Fingers crossed that Gaussian Splatting makes the rewards high enough that resources get poured on this.
For this exact use case I used instant-ngp[0] recently and was really pleased with the results. There's an article[1] explaining how to prepare your data.
On the geometry side from the theoretical point of view you can repair meshes, [1], by inferring a signed or unsigned distance field from your existing mesh, then you contour this distance field.
If you like the distance field approach, there are also research work [2], to estimate neural unsigned distance fields directly, (kind of a similar way as Gaussian splats).
[1] https://github.com/nzfeng/signed-heat-3d [it works but it's research code, so buggy, not user friendly, and mostly on toy problems because complexity explode very quickly when using a grid the number of cells grows as a n^3, and then they solve a sparse linear system on top (so total complexity bounded by n^6), but tolerating approximations and writing things properly practical complexity should be on par with methods like finite element method in Computational Fluid Dynamics.
No. For small objects, it is typical to use a turntable to rotate the object; there are a number of commercial and DIY turntables with an automated motion system that can trigger the shutter after a specified degree of rotation.
The OC mentioned "static lighting". If they meant static, while the platform was spinning, then the lighting would be inconsistent, because the object would change lighting with each photo. You would have to fix the lighting to the platform to spin with the object, while taking the pictures to get consistent lighting.
I think you just nailed why I have been having a hard time with my photo set. It's the lighting. Well crap, because I don't have access to the statue or studio again. Thanks for the tip.
You could try generating per-view depth maps, going to a point cloud and meshing from there. (I suspect splats may reduce your accuracy as an intermediate.)
I’m not aware of a fully-baked workflow for that — though it may exist. The first step has gotten really good: the recent single-shot AI models for depth are pretty visually impressive (I don’t know about metric accuracy).
The ones I’m aware of are DUST3R and the newer MAST3R:
Photogrammetry generally assumes a fully static scene. If there are static parts of the scene which the camera can see and also rotating parts, the algorithm may struggle to properly match features between images.
Kiri engine is pretty easy to use and just released a good update for their 3DGS pipeline, and they have one of the better 3DGS to mesh options.

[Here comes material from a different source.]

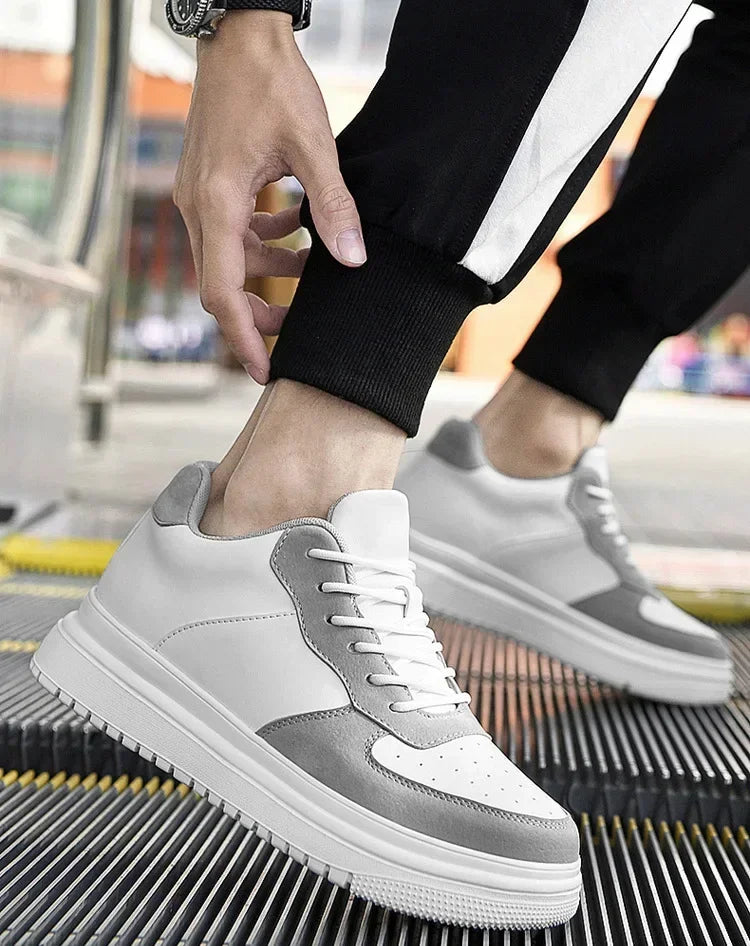 PDEP, nuevos zapatos con aumento De altura para Hombre, Zapatillas con elevador Invisible De 10cm, Zapatillas deportivas De cuero blanco, Zapatillas De Hombre talla grande 46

https://kiri-innovation.github.io/3DGStoMesh2/
>These normally are ideal variables for photogrammetry
Actually no, my friend learned this the hard way during a photogrammetry project, he rented a photo studio, and made sure the background were perfectly black and took the photos but the photogrammetry program (Meshroom I think) was struggling to reconstruct the mesh. I did some research and I learned that it uses features in the background to help position itself to make the meshes. So he redid his tests outside with "messy" backgrounds and it worked much much better.
This was a few years ago so I don't know if things are different now.
I’m not an expert, only dabbled in photogrammetry, but it seems to me that the crux of that problem is identifying common pixels across images in order to sort of triangulate a point in the 3D space. It doesn’t sound like something an LLM would be good at.
Case in point, I have a series of photos (48) that capture a small statue. The photos are high quality, the object was on a rotating platform. Lighting is consistent. The background is solid black.
These normally are ideal variables for photogrammetry but none of the various common applications and websites do a very good job creating a mesh out of it that isn't super low poly and/or full of holes.
I've been casually scanning huggingface for relevant models to try out but haven't really found anything.